TASK DESCRIPTION —
Filter these entries down to lines holding "venda".

EXERCISE DATA —
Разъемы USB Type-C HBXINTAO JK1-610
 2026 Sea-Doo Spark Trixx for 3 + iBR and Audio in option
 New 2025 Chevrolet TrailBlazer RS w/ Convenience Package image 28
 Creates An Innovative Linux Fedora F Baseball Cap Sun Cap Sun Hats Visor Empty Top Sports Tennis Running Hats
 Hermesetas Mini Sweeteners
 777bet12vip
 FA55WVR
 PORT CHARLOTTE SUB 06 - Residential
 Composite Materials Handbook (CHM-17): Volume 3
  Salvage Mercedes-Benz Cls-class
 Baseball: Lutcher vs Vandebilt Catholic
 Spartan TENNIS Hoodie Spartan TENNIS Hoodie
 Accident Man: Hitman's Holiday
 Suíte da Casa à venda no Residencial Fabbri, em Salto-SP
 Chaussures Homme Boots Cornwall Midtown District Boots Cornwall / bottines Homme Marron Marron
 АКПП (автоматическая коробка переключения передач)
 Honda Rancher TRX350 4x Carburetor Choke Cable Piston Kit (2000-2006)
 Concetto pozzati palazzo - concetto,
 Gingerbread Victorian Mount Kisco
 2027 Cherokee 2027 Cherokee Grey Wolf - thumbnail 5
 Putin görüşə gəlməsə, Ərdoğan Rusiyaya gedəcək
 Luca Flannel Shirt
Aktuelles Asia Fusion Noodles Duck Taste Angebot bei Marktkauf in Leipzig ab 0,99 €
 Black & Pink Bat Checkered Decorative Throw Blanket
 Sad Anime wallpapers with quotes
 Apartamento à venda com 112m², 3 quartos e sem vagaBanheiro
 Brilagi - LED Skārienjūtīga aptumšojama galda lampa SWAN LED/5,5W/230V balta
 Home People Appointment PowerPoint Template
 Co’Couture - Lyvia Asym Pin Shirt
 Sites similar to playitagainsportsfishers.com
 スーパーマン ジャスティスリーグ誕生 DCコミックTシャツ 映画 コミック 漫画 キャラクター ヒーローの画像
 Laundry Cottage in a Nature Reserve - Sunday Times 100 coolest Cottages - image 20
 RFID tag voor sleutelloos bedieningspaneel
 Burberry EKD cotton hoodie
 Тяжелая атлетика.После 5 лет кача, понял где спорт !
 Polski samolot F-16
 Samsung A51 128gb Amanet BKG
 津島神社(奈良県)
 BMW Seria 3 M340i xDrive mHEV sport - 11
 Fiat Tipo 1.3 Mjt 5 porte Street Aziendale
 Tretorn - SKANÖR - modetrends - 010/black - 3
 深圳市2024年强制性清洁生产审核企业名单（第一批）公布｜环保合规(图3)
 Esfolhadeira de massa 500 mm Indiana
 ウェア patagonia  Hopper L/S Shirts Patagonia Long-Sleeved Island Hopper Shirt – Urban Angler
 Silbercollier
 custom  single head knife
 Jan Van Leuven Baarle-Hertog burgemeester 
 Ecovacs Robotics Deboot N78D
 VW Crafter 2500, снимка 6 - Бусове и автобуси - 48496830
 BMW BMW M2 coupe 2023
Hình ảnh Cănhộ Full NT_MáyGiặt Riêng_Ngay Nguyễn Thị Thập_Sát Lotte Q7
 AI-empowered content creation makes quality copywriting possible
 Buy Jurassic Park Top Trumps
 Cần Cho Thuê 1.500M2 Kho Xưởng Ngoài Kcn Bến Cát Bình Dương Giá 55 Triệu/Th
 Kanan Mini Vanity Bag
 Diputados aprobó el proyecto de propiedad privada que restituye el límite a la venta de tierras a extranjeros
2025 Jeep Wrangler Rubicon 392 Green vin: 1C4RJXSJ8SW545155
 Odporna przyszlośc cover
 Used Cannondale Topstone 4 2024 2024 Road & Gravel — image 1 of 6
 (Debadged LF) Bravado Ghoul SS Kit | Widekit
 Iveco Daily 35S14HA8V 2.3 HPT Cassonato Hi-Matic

TASK RESPONSE —
 Suíte da Casa à venda no Residencial Fabbri, em Salto-SP
 Apartamento à venda com 112m², 3 quartos e sem vagaBanheiro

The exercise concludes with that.